この会話はいつもの挨拶みたいなものだった。別に約束ができると思って聞いているわけじゃない。
ただ、意味を持たせるとするならば、連絡するから待ってて、という言葉を聞くためかもしれない。
私たちの関係の終わりはいつやってきてもおかしくない中で、まだ連絡をくれて、私と会う意思がある、というのを確認するための。
約束はできなくても、その言葉だけで十分だ。
すっかりここに来たときと同じ格好に戻った忍足さんは少し屈んで私の頬を撫でた。
少しくすぐったくて冷たい指先の感覚を忘れないように、目を閉じてそこに意識を集中させる。

「じゃあ、次に会う時までええ子にしとるんやで?」
「ふふ、それはどうかなぁ」
「なまえがそない心配させるようなこと言うなんて珍しいなぁ……さみしいん?」
「冗談だから、大丈夫。

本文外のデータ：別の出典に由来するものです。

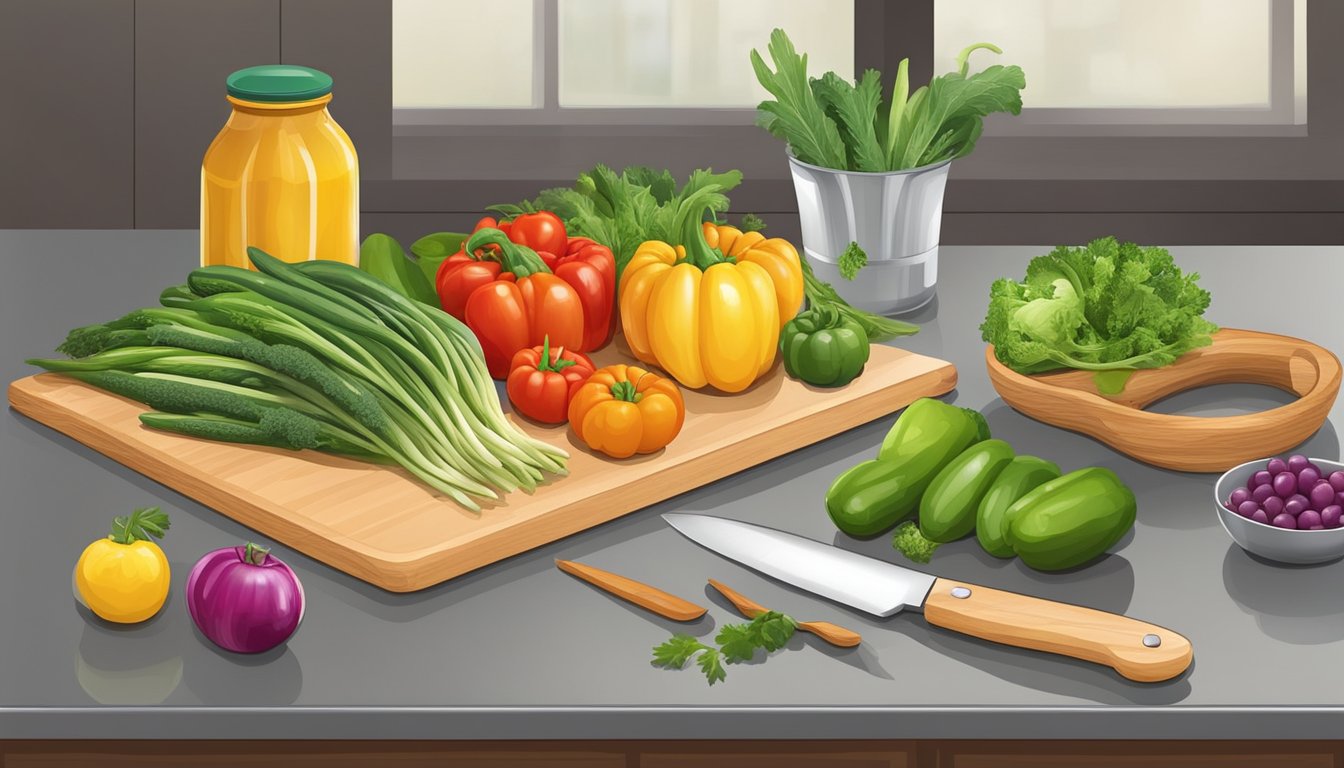 A kitchen counter with assorted fresh vegetables, cutting board, knife, and containers for portioning out meals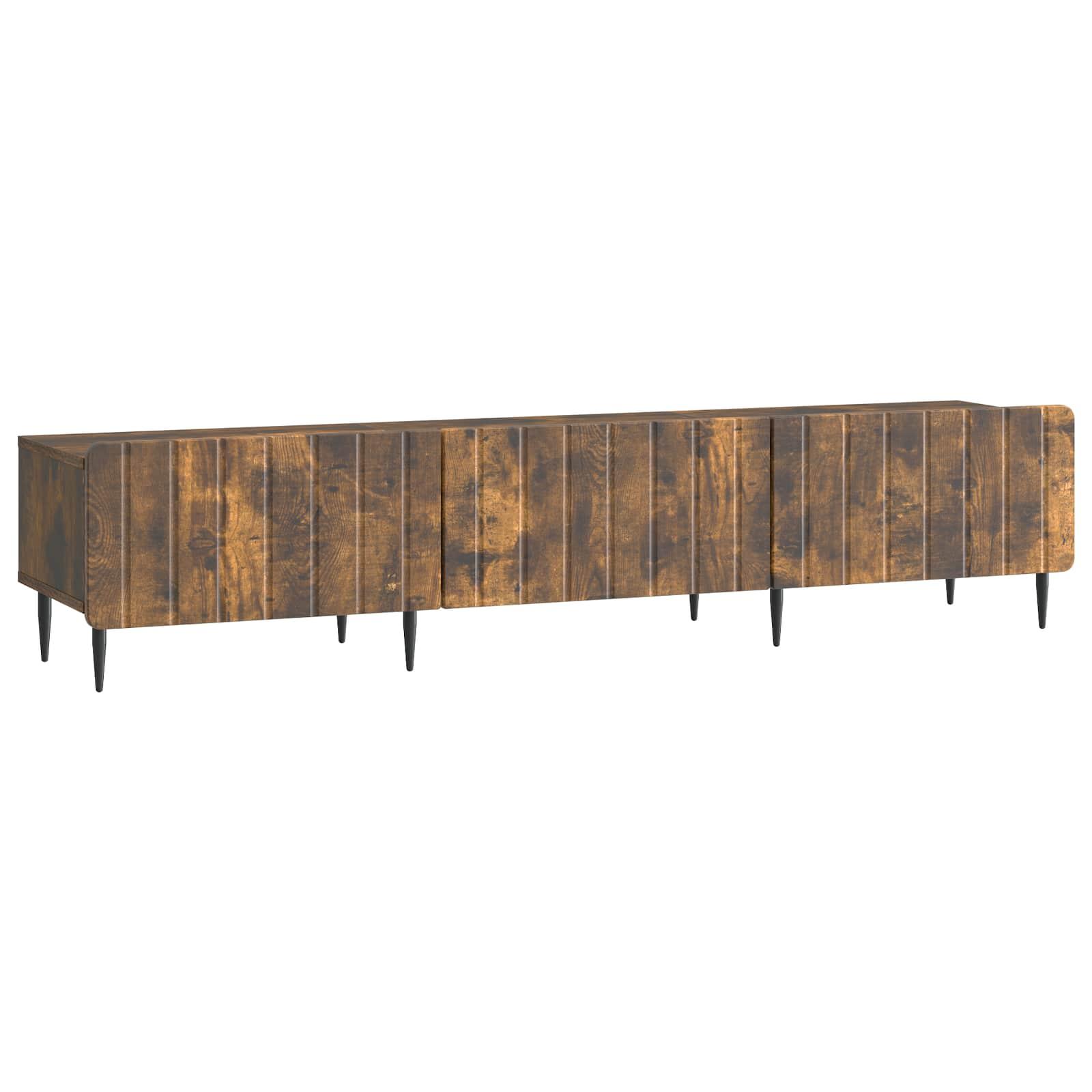 TV-skab med skuffe Røget eg 147 x 34,5 x 32 cm Konstrueret træ billede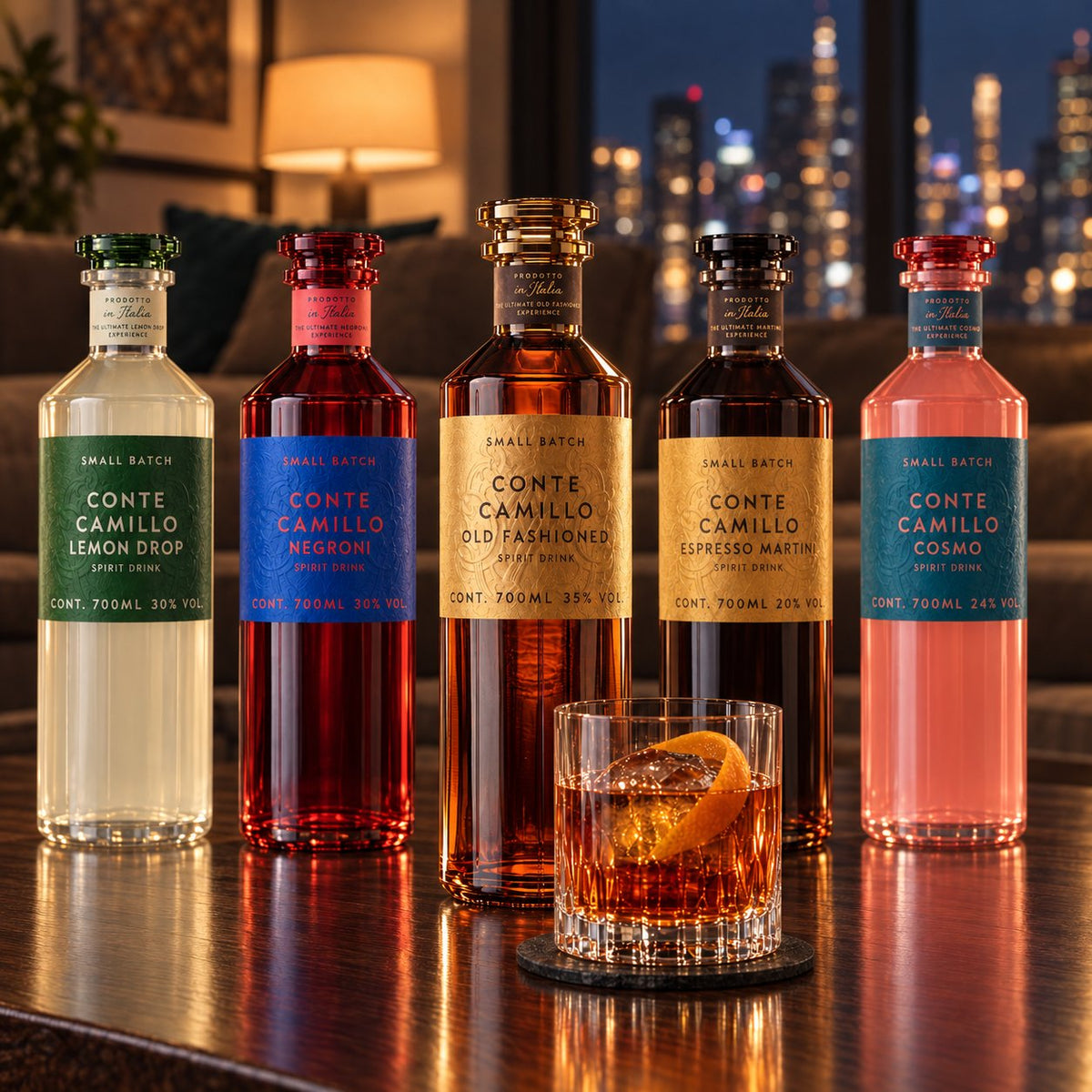 Die Conte Camillo Kollektion: alle fünf Flaschen in einem Wohnzimmer vor der Skyline, davor dein fertiger Old Fashioned im Tumbler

忍足さん、気を付けて帰ってね」
「おおきに。ほなな。」

おでこにキスを落として、忍足さんは部屋を出て行った。
ガチャリ、と重い扉が閉まる音と同時に目の周りが熱くなってくる。

忍足さんだって鈍い人じゃないから私の本心なんて知っているのだろう。
それでも何も言わないのは、彼の狡さでもあり、優しさだ。
きっとうっかり行為の最中に涙を流してしまったとしても、忍足さんは見ないふりをしてくれる。
私が辛いと言ってしまったなら、私たちに残された選択肢は別れしかないから。
だから私も平気なふりをするし、忍足さんも知らないふりを続ける。

もし私があの頃のように子供で無知だったならこうはならなかっただろう。欲しいものを欲しいといえる、子供だったのなら。
最初からどうあがいても叶うことのない恋をしてしまった私は、大人になりきれないながらも仕方なく大人をやっているのだ。


忍足さんの匂いが微かに残るシーツに顔を埋めて、私は泣いた。
子供みたいにしゃくりあげて、馬鹿みたいに朝まで泣き続けた。